Public Relations Harus Punya Etika dan Moral Tinggi

Profesi Public Relations (PR) sejatinya menuntut seseorang untuk memiliki etika dan moral yang tinggi dalam menjalankan pekerjaannya. Seorang PR harus bisa memegang etika yang diset dengan tinggi. Karena itulah, seorang PR tersebut harus bisa memisahkan hobi dengan strategi dalam pekerjaan.

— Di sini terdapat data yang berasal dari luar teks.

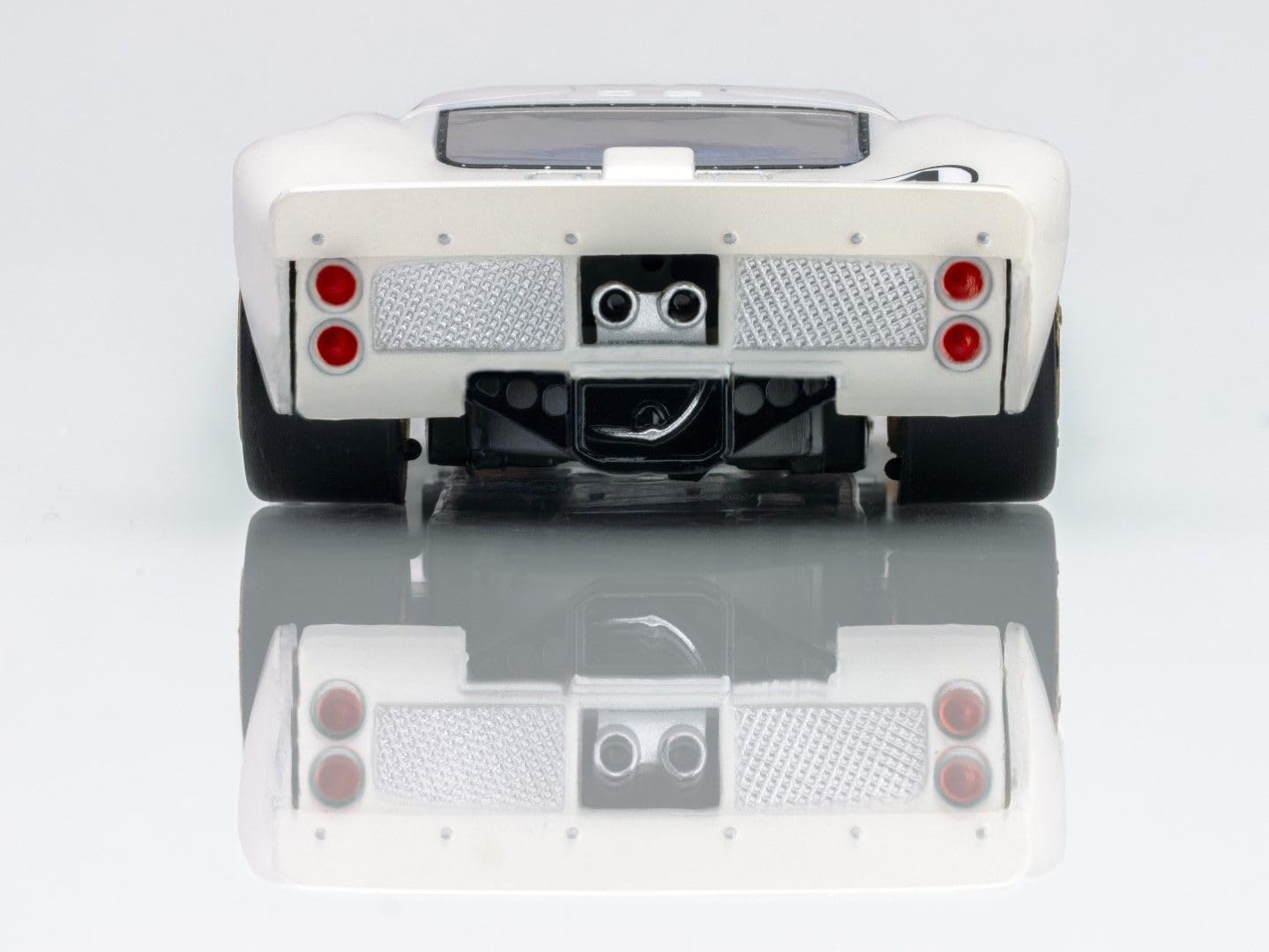 Amazon.com: AFX Ford GT40 MKII #97 Daytona HO Slot Car 22058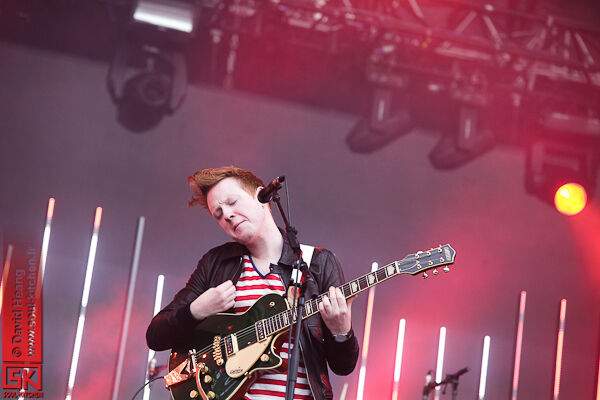 2012_07_15_twodoorcinemaclub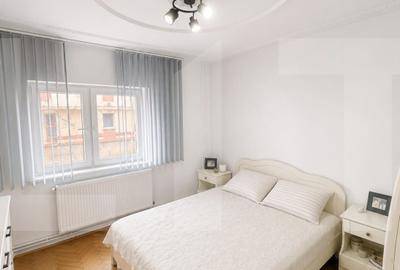 Apartament cu 3 camere decomandat, mobilat în Lipovei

Hal tersebut diungkapan Muchamad Husni, salah seorang Praktisi Public Relations PT. Astra Argo Lestari yang hadir dalam Sharing Class : Public Relations and Ethics bagi mahasiswa Ilmu Komunikasi UMY, Jum’at (7/10) di Ruang Mini Theater Gedung D Kampus Terpadu UMY. Sharing Class ini juga menghadirkan pembicara lain yaitu Dyah Rachmawati Sugiyanto, Pranata Humas dari Lembaga Ilmu Pengetahuan Indonesia (LIPI).

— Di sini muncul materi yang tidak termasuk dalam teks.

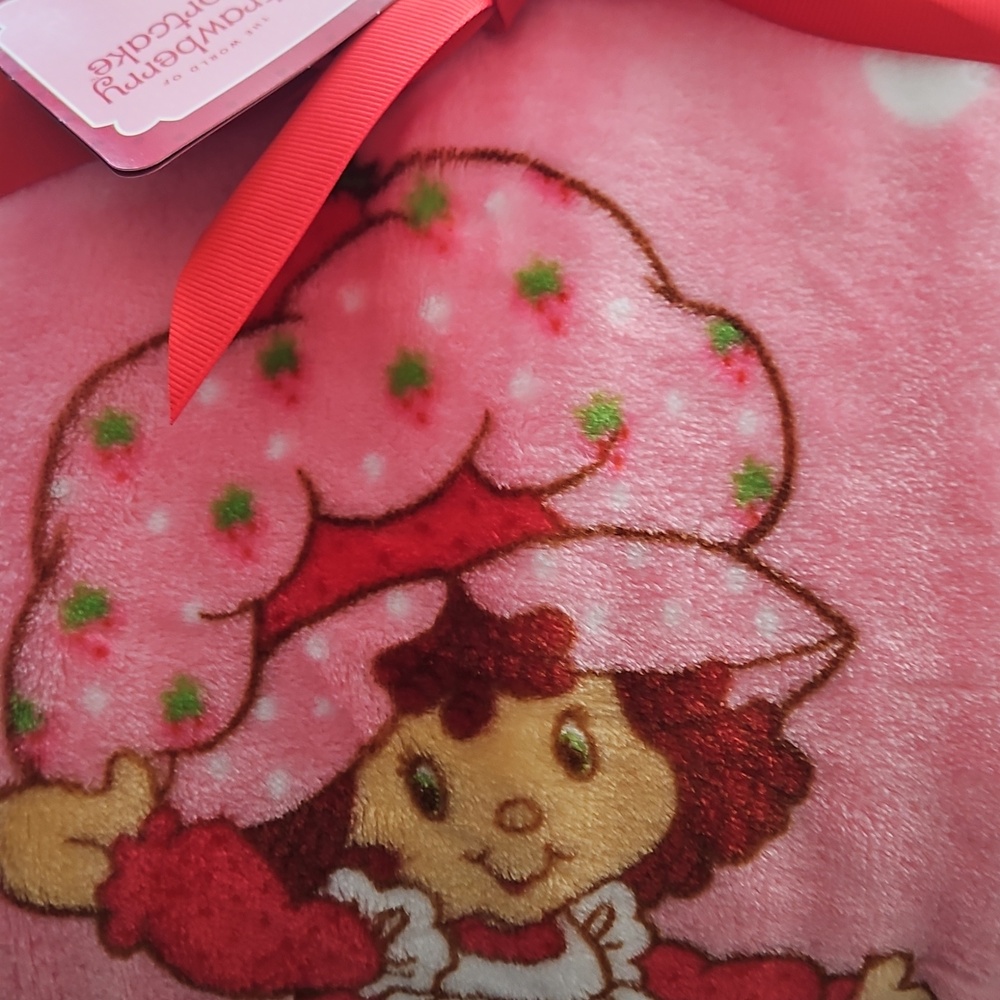 Strawberry shortcake Blanket - Picture 3 of 3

Dalam pemaparannya, Husni juga mengatakan bahwa seorang PR itu harus jujur dan memberi informasi yang jelas. ” Seorang PR itu harus mempunyai etika dan moral yang tinggi. Selain itu, juga harus bersikap jujur dan bisa memberikan informasi yang jelas. Senjata utama PR terletak pada inner beautynya yang biasa ditunjukkan sehari-hari,” tambahnya.

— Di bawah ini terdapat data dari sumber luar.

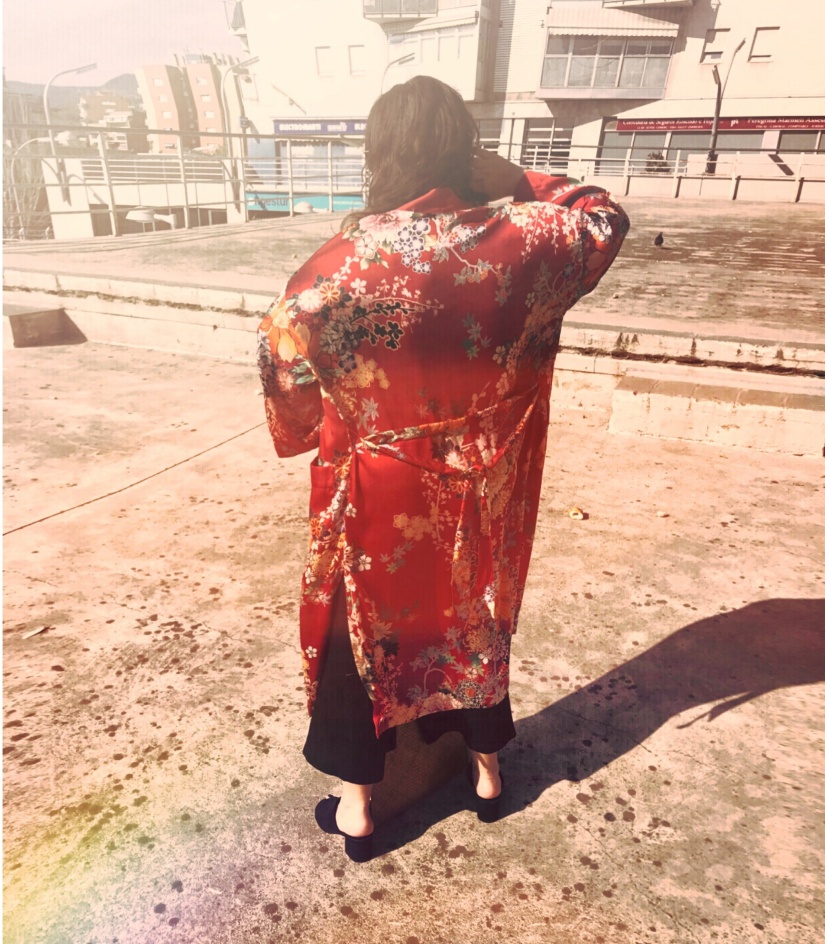 red kimono5.JPG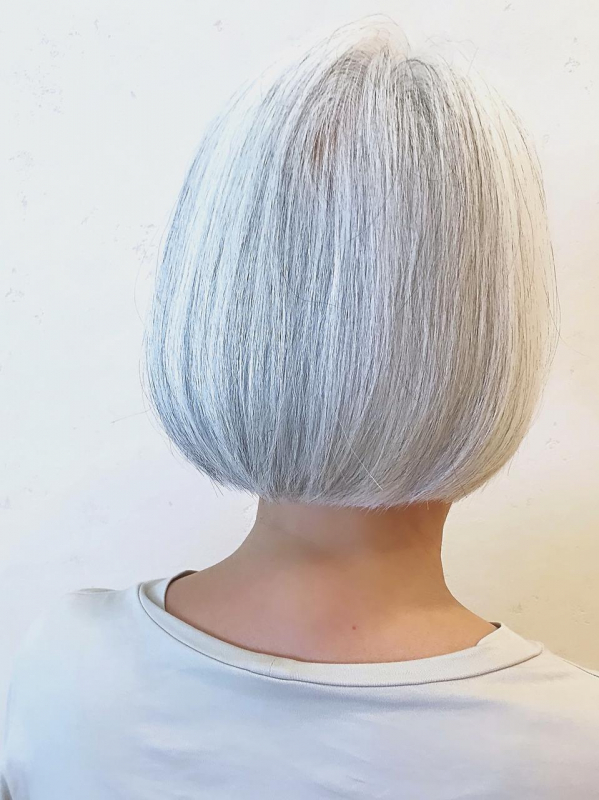 グレイヘアにするにはどうしたらいい？グレイヘアへ移行する3つの方法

Namun Husni juga mengakui bahwa bekerja sebagai PR itu menyenangkan. “Bekerja menjadi Public Relation itu bikin happy. Bisa membuat awet muda karena selalu menemukan hal baru, bertemu orang baru dan insya allah punya amalan yang banyak karena menjalin silaturahmi dengan orang-orang baru.”

Dalam sharing class ini, Husni juga menceritakan pengalamannya menjadi Public Relations (PR) di perusahaan swasta. Menurutnya, menjadi PR di perusahaan swasta khususnya di perusahaan minyak kepala sawit menemui banyak tantangan. Namun begitu justru di situlah keseruannya. “Minyak kelapa sawit dalam industri minyak selalu dicitrakan negatif. Kami banyak menghadapi kampanye negatif soal minyak kelapa sawit. Industri sawit itu membunuh orang utan, minyak sawit tidak sehat karena dapat menambah kolesterol, dan masih banyak lainnya. Untuk itu, sebagai PR kita menjelaskan bahwa perusahaan sawit itu tidak seburuk yang diberitakan, bahkan bisa dibilang baik. Kelapa sawit bisa menjadi potensi nasional Indonesia yang luar biasa,” paparnya.

Dalam menjalani pekerjaan sebagai PR, Husni juga mengaku sangat menikmatinya. “Saya selalu menikmati keseharian pekerjaan saya. Kita bisa melihat potensi Indonesia yang luar biasa besarnya. Saya banyak kenal orang baru dan menambah pengalaman seru,”ujar Husni tersenyum.

Senada dengan Husni, Dyah Rachmawati Sugiyanto selaku Pranata Humas LIPI juga menekankan etika menjadi PR yang juga harus siap mental dan menjaga idealisnya. “Menjadi PR harus siap mental karena kita kerja di lapangan menghadapi langsung client, harus siap kerja dimanapun, kapanpun dan juga harus tetap menjaga idealisnya sebagai PR,”tuturnya.

Selain itu, menjadi seorang PR juga dituntut memiliki kemauan belajar yang tinggi. ”PR butuh belajar semua hal. Tidak cuma ilmu komunikasi, ilmu politik, ilmu ekonomi dan segala bidang lain harus dipelajari. Untuk itu perlu kemauan belajar yang tinggi. Selain itu, PR juga harus mempunyai sifat berani mencoba, bisa bekerja dalam tim dan juga pandai membangun jaringan,” tambahnya.

Sementara itu, satu pembicara lagi dalam Sharing Class tersebut namun berhalangan hadir dan membagikan pengalamannya lewat video, Suharjo Nugroho yang menjabat sebagai Managing Director IMOGEN Public Relations berpesan agar mahasiswa komunikasi lebih giat lagi belajar. Pasalnya saat ini, Profesi PR lebih banyak dari sarjana di luar Ilmu Komunikasi. “Saat ini Praktisi PR lebih banyak dari lulusan Ilmu Komunikasi. Karena pada kenyataannya memang kebutuhan industri berbeda dengan apa yang diajarkan di kelas. Maka, untuk menjembatani hal tersebut kami harap lulusan ilmu komunikasi agar magang terlebih dahulu sebelum terjun ke dunia PR,”jelasnya.